Additionally, Mastercard is evolving into a hotbed of DeFi app development, enabling developers to create unique and powerful applications. Its powerful platform offers a range of APIs and tools covering a full range of services from payments to security. The partnership with MoonPay highlights its commitment to blockchain and Web3, enhancing user trust and engagement across multiple industries.
Block (SQ)
Source: Sergey Yelagin / Shutterstock.com
Fintech giant The Block (NYSE:SQ) is one of the most popular financial services and mobile payments companies. The company is known for its innovative applications such as Cash App, which attracts over 50 million users worldwide. Over the past few years, the company has shifted its focus to blockchain through significant investments in Bitcoin (BTC-USD) and becoming a DeFi app development platform.
The Block has invested a massive $220 million in Bitcoin, which has grown to over $573 million according to the company’s Q1 financial results.
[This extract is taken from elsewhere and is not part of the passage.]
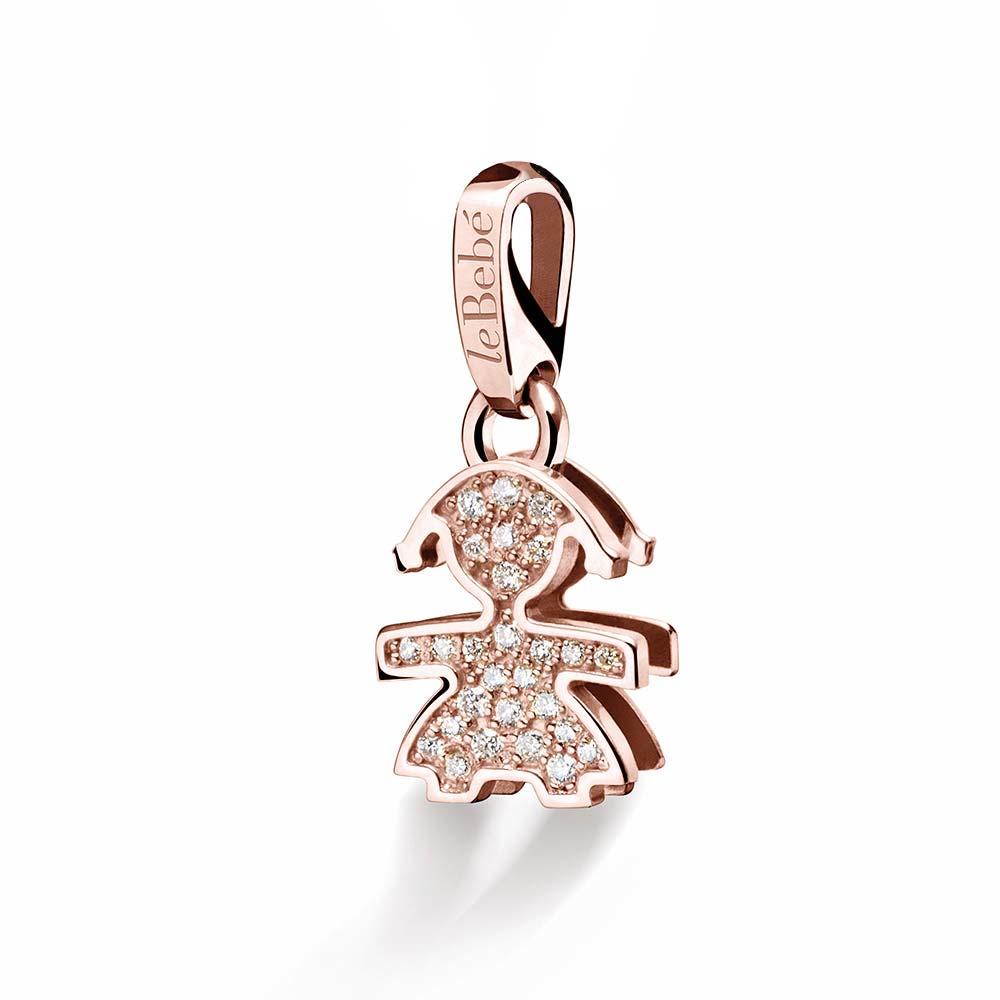 Ciondolo LeBebe LBB454 sagoma bimba oro rosa 18kt - LE BEBE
BTC’s explosive growth in Q1 has boosted The Block’s total BTC-related profits to $80 million. The company also announced plans to effectively reinvest 10% of BTC profits back into the company. Additionally, the company’s year-on-year (YOY) growth in profitability metrics has surpassed its historical average, indicating impressive growth.
Additionally, recent ventures such as Bitkey, the company’s first bitcoin wallet, now allows Cash App users to transact directly with Coinbase Global (NASDAQ:COIN) Additionally, the company launched a developer platform called TBD to facilitate the creation of decentralized apps.
Riot Platform (RIOT)
Source: rafapress / Shutterstock.com
Riot Platforms (NASDAQ:RIOT) is one of the most powerful companies in the BTC mining space, leading the industry with energy-efficient ASIC mining equipment. Given the strength of BTC prices in Q1 and much of 2023, the company is growing its revenue base at an encouraging pace. However, the stock price has not kept up, with Riot shares down over 30% year-to-date (YTD). With interest rate cuts on the horizon, the company’s stock is undervalued and has great upside potential going forward.
The company is financially strong, reporting a massive cash buffer of $688 million in Q1, along with an additional $606 million in BTC assets. With this large cryptocurrency reserve and a debt-free balance sheet, Riot is well positioned to invest aggressively in mining capacity.
Going forward, Riot’s hash rate capacity is expected to increase from 12.4EH/s as of Q1 to 31.5EH/s by the end of the year. Such strategic scaling is expected to significantly increase revenue and EBITDA in 2025. Thus, the company’s healthy financial position, aggressive growth targets, and favorable market outlook make RIOT stock an attractive choice.
As of the date of publication, Muslim Farooq did not hold (either directly or indirectly) any positions in the securities mentioned in this article. The opinions expressed in this article are those of the author in accordance with InvestorPlace.com’s Publishing Guidelines.
On the date of publication, the editor in charge did not hold (either directly or indirectly) any positions in the securities mentioned in this article.
Muslim Farooq is an avid investor and optimist at heart. A lifelong gamer and technology enthusiast, he has a particular interest in analyzing technology stocks. Muslim holds a Bachelor of Science in Applied Accounting from Oxford Brookes University.